Some non-municipal systems are tested by the MOH. Some are tested by the MECP.

And private wells and intakes, which serve about 1.3 million Ontarians, have no mandatory testing requirements.

The City of Hamilton and Durham County, for example, suggest private well owners test their water quality at least three times per year.

But not all residents are following through with their testing, and the water samples confirm that.

Between 2003 and 2022, 35 per cent of water samples from private wells and intakes tested positive for indicators of bacterial contamination, the auditor general’s report says.

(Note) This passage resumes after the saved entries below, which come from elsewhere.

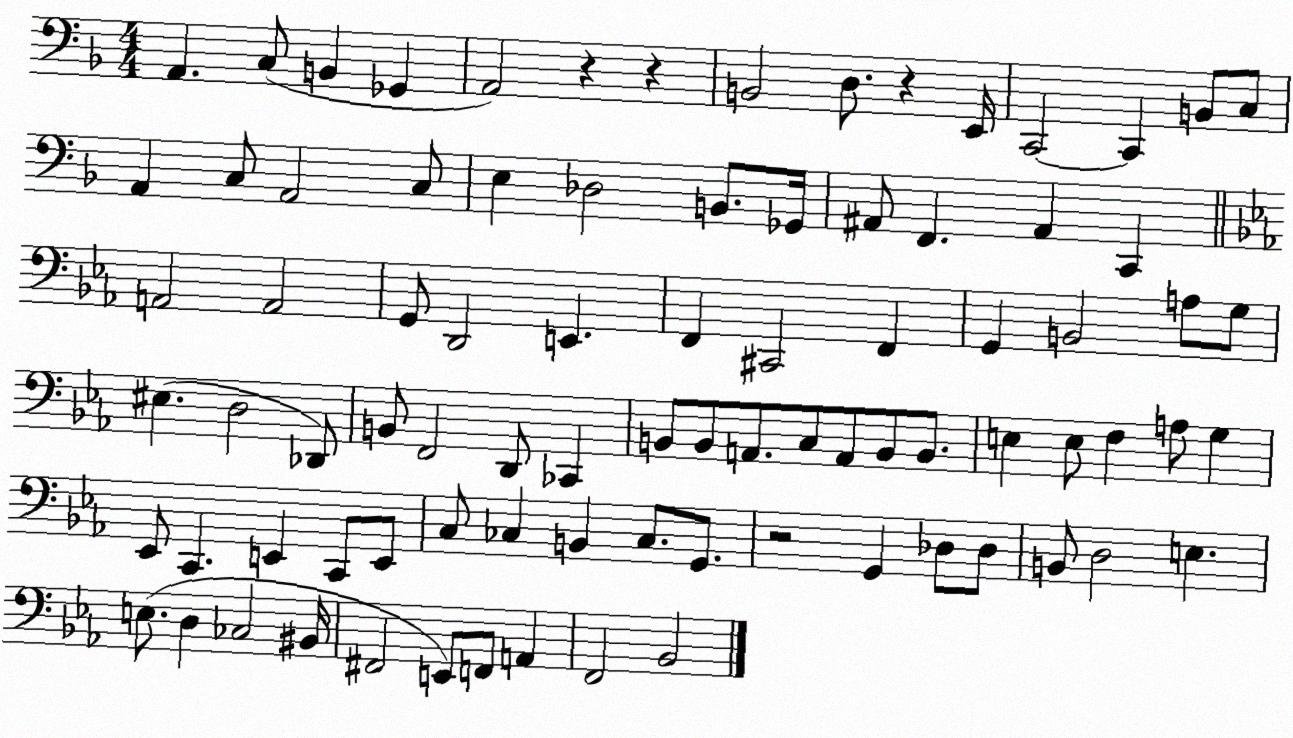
X:1
T:Untitled
M:4/4
L:1/4
K:F
A,, C,/2 B,, _G,, A,,2 z z B,,2 D,/2 z E,,/4 C,,2 C,, B,,/2 C,/2 A,, C,/2 A,,2 C,/2 E, _D,2 B,,/2 _G,,/4 ^A,,/2 F,, ^A,, C,, A,,2 A,,2 G,,/2 D,,2 E,, F,, ^C,,2 F,, G,, B,,2 A,/2 G,/2 ^E, D,2 _D,,/2 B,,/2 F,,2 D,,/2 _C,, B,,/2 B,,/2 A,,/2 C,/2 A,,/2 B,,/2 B,,/2 E, E,/2 F, A,/2 G, _E,,/2 C,, E,, C,,/2 E,,/2 C,/2 _C, B,, _C,/2 G,,/2 z2 G,, _D,/2 _D,/2 B,,/2 D,2 E, E,/2 D, _C,2 ^B,,/4 ^F,,2 E,,/2 F,,/2 A,, F,,2 _B,,2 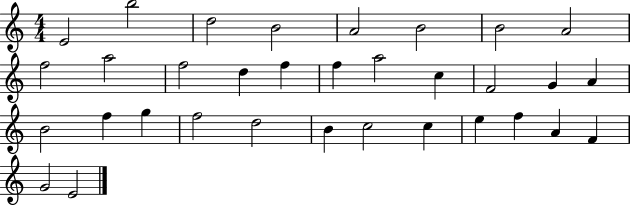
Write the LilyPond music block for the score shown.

{
  \clef treble
  \numericTimeSignature
  \time 4/4
  \key c \major
  e'2 b''2 | d''2 b'2 | a'2 b'2 | b'2 a'2 | \break f''2 a''2 | f''2 d''4 f''4 | f''4 a''2 c''4 | f'2 g'4 a'4 | \break b'2 f''4 g''4 | f''2 d''2 | b'4 c''2 c''4 | e''4 f''4 a'4 f'4 | \break g'2 e'2 | \bar "|."
} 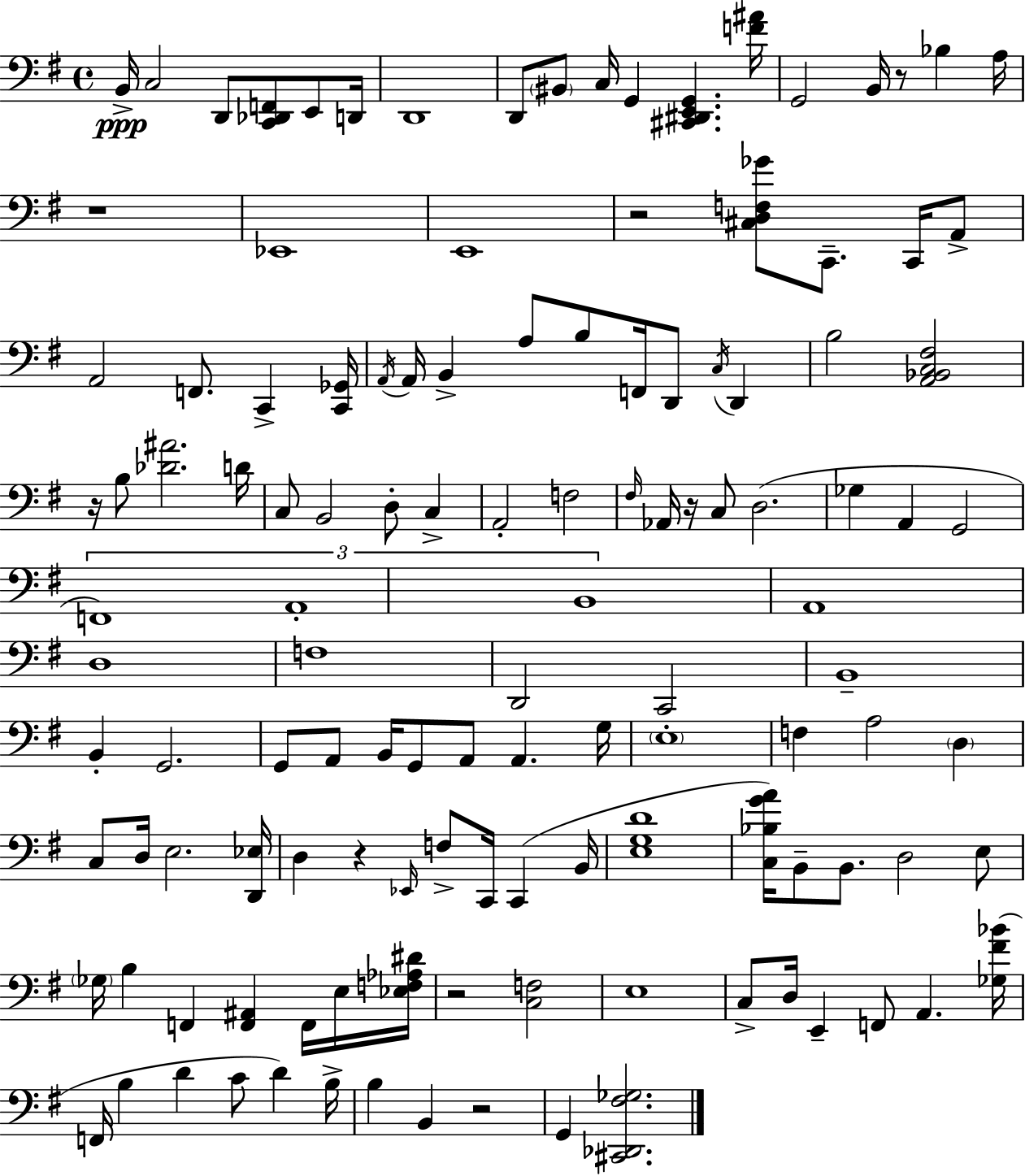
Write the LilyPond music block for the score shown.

{
  \clef bass
  \time 4/4
  \defaultTimeSignature
  \key e \minor
  b,16->\ppp c2 d,8 <c, des, f,>8 e,8 d,16 | d,1 | d,8 \parenthesize bis,8 c16 g,4 <cis, dis, e, g,>4. <f' ais'>16 | g,2 b,16 r8 bes4 a16 | \break r1 | ees,1 | e,1 | r2 <cis d f ges'>8 c,8.-- c,16 a,8-> | \break a,2 f,8. c,4-> <c, ges,>16 | \acciaccatura { a,16 } a,16 b,4-> a8 b8 f,16 d,8 \acciaccatura { c16 } d,4 | b2 <a, bes, c fis>2 | r16 b8 <des' ais'>2. | \break d'16 c8 b,2 d8-. c4-> | a,2-. f2 | \grace { fis16 } aes,16 r16 c8 d2.( | ges4 a,4 g,2 | \break \tuplet 3/2 { f,1) | a,1-. | b,1 } | a,1 | \break d1 | f1 | d,2 c,2 | b,1-- | \break b,4-. g,2. | g,8 a,8 b,16 g,8 a,8 a,4. | g16 \parenthesize e1-. | f4 a2 \parenthesize d4 | \break c8 d16 e2. | <d, ees>16 d4 r4 \grace { ees,16 } f8-> c,16 c,4( | b,16 <e g d'>1 | <c bes g' a'>16) b,8-- b,8. d2 | \break e8 \parenthesize ges16 b4 f,4 <f, ais,>4 | f,16 e16 <ees f aes dis'>16 r2 <c f>2 | e1 | c8-> d16 e,4-- f,8 a,4. | \break <ges fis' bes'>16( f,16 b4 d'4 c'8 d'4) | b16-> b4 b,4 r2 | g,4 <cis, des, fis ges>2. | \bar "|."
}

And some of that responsibility falls on the MECP too, which oversees the construction, maintenance and decommissioning of wells.

The auditor general’s audit found that the MECP had a backlog of 73,800 well records that still needed to be completed.

The auditor general provided 17 recommendations to support better water testing in non-municipal systems.

The suggestions include creating additional outreach materials about the risks of untreated drinking water, reviewing the definition of unsafe water to ensure the bacteria threshold in private wells protects human health, and develop a plan to clear the MECP’s submitted well records backlog.

The MECP and MOH accepted all the auditor general’s recommendations.